One would suspect that Run You Down was in development even before Invisible City was published. In the later book, tabloid stringer Rebekah Roberts, a half-Jewish woman raised in Florida by her Christian father, Brian, has taken a step up the ladder at the New York Tribune. She’s doing rewrite, an indoor job, rather than chasing around the city investigating possible stories. Rebekah is also fighting a severe bout of depression in the aftermath of her first major assignment. Her roommate, Iris, is pushing her to get help.

Rebekah meets with her friend Saul, a retired policeman and the one person of her acquaintance (besides her father) who’d known Aviva, her mother.

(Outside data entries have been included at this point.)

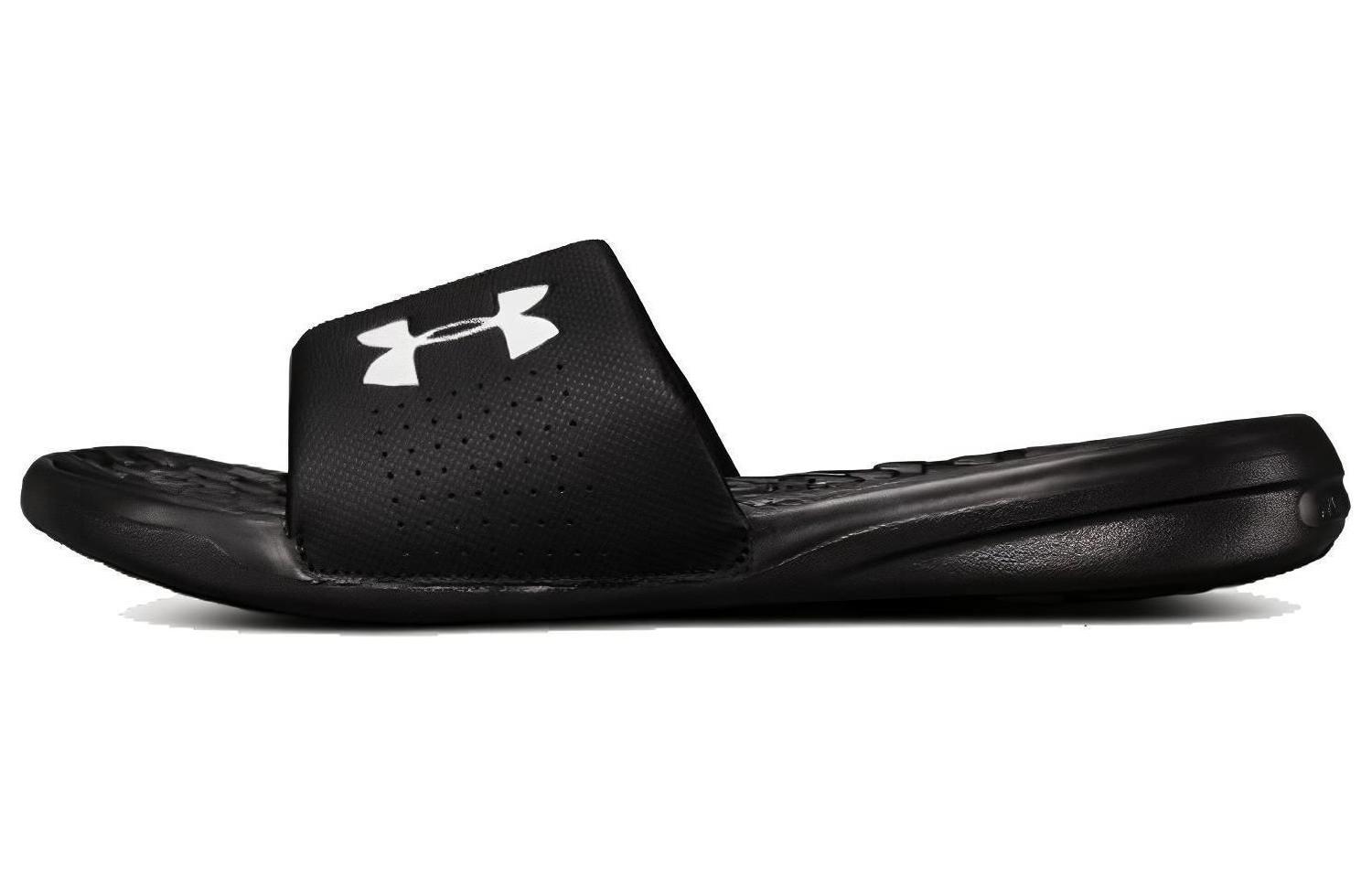 Шлепанцы Under Armour Playmaker с фиксированным ремешком Черные 3000061-001 40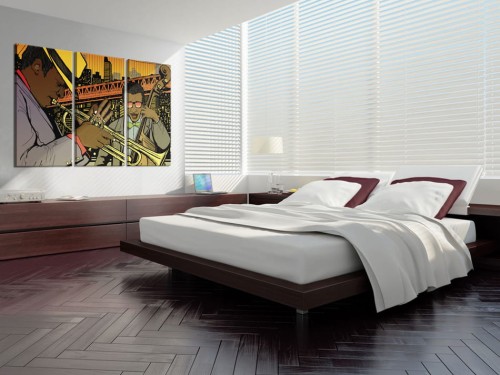 Obraz - Muzyk jazzowy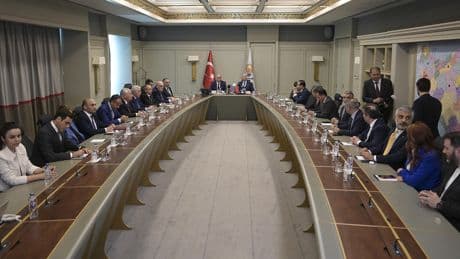 Azerbaycan heyetinden AK Parti'ye ziyaret
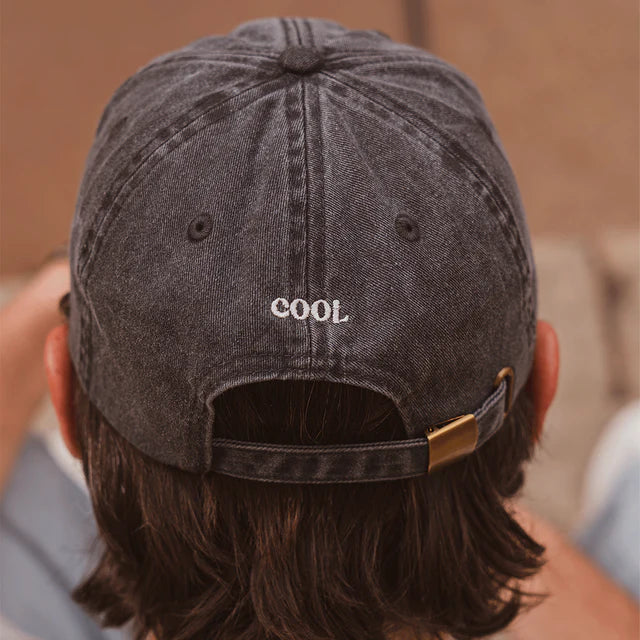Casquette Daddy cool gris foncé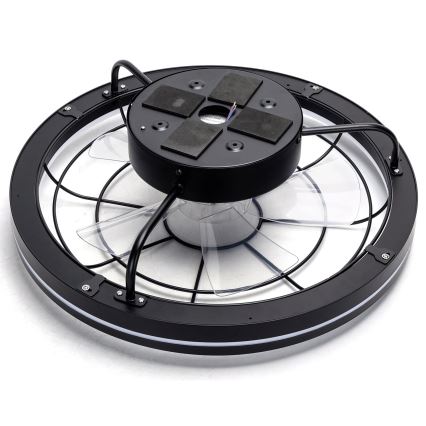 Aigostar - LED Prigušivi plafonski ventilator LED/40W/230V 2700-6500K pr. 48 cm + Daljinski upravljač crno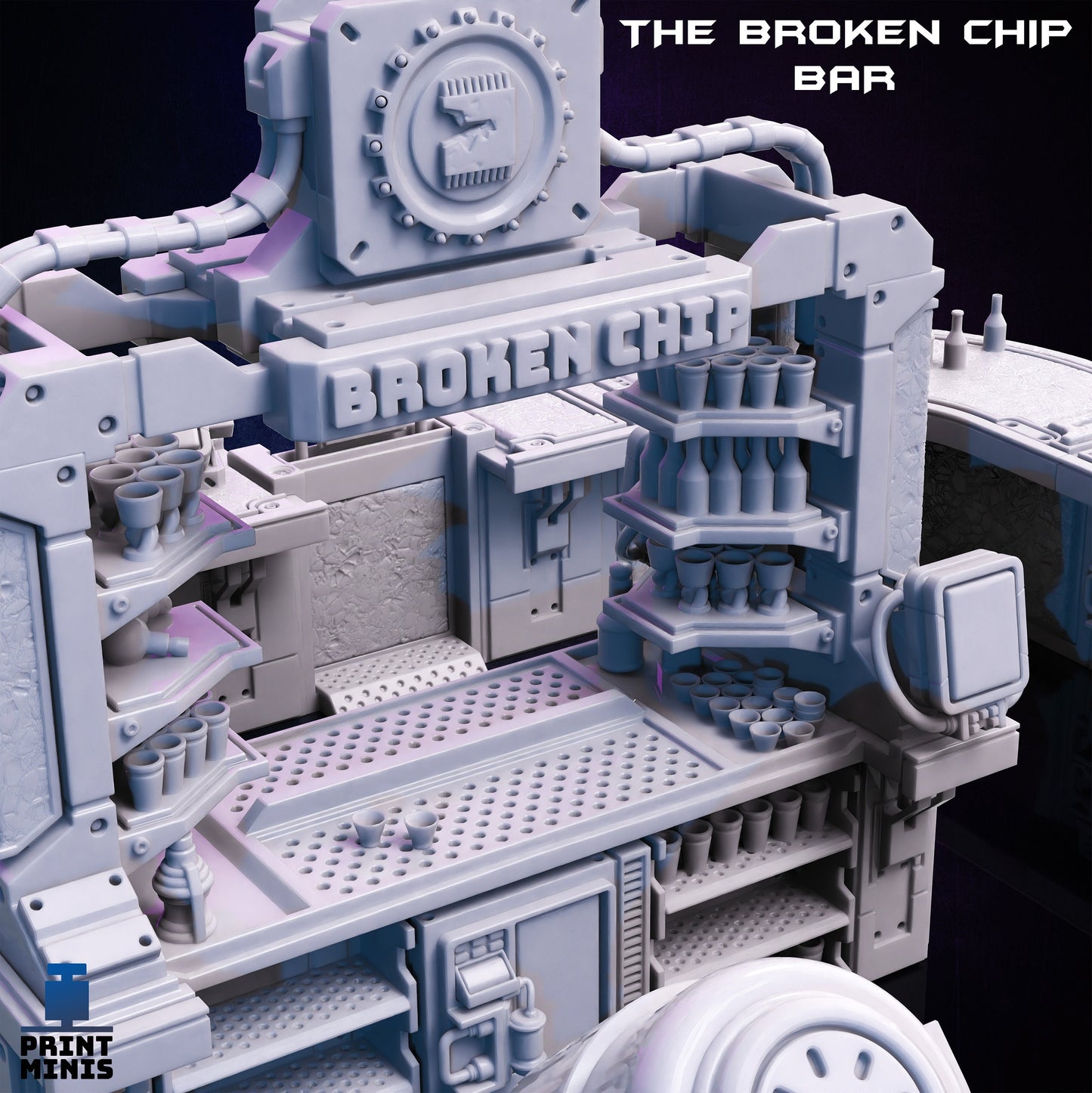 Broken Chip Bar - Scenery Kit - Print Minis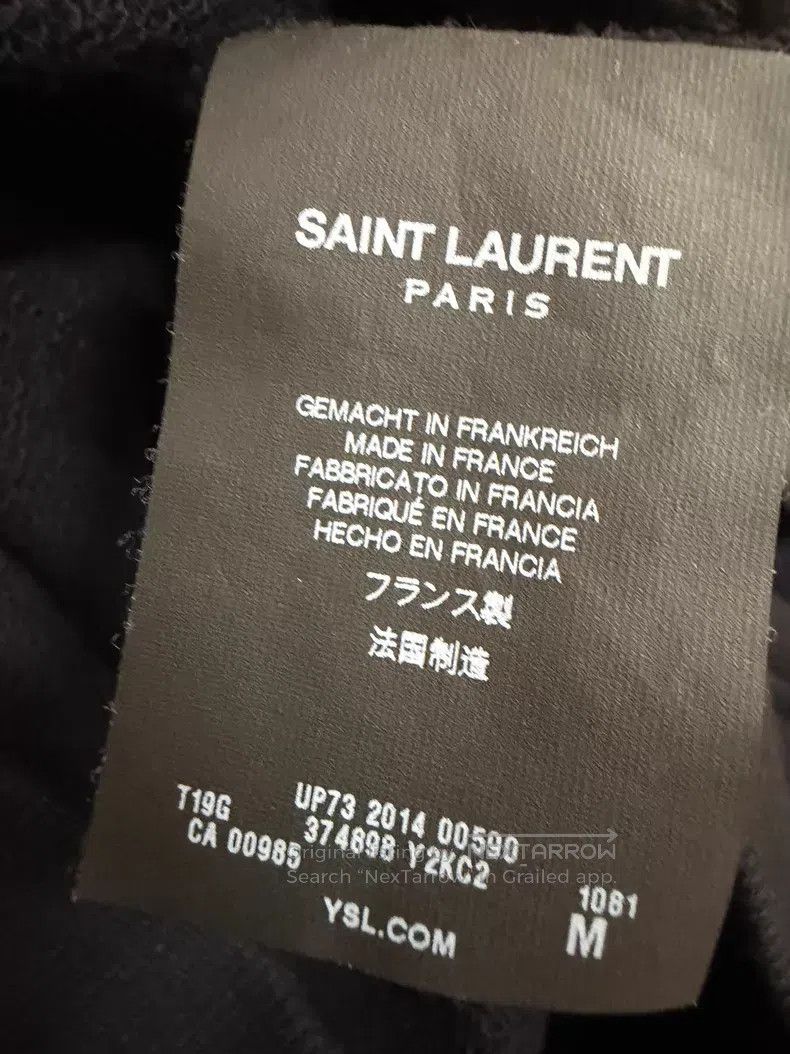 Saint Laurent Paris Saint Laurent Paris Western Style Studded Fringe Crewneck Size US M / EU 48-50 / 2 - 4 Thumbnail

Aviva had contacted Saul about possibly getting in touch with her daughter. Saul passed on the message, but Rebekah’s nerve failed when it came to picking up the phone; too much fear and anger, too many unknowns.

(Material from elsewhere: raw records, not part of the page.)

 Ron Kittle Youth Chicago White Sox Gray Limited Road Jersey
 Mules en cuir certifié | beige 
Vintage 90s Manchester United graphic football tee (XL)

While wrestling with this problem, which is pulling her into a dangerous withdrawal state, Rebekah agrees to meet Levi, a man from the Haredi (extreme orthodox) world. Levi’s young wife, Pessie, has recently died, but he suspects something has gone wrong with the investigation of her death. (Echoing the circumstances in Invisible City, Pessie was rushed to the funeral home without an autopsy being done.)

Levi can’t find out how she died, though Pessie’s family seems to fear that she may have committed suicide — a scandalous act in their community. Rebekah agrees to look into matters. Suddenly, this half-hidden world of the Haredi has become her beat.

But wait, we follow the progress of her investigation only in alternate chapters.

The story is developed through two alternating first-person narratives. It begins with the voice of Aviva, as if speaking to Rebekah after having been reunited with her. She explains her experience after having run away to Florida, and the circumstances that led her to marry Brian.

Later “Aviva” chapters detail her decision to run off again, abandoning Rebekah and returning to New York, but not intending to reunite with her Hasidic parents and siblings. Slowly, her shadowy life is revealed to Rebekah (and to readers).

As happens in small worlds, the investigation of Pessie’s death connects to the cautious efforts of Aviva and Rebekah to dare a meeting. There is so much at stake for each woman, so many reasons for leaving their lives manageable, if unfinished and unfulfilled.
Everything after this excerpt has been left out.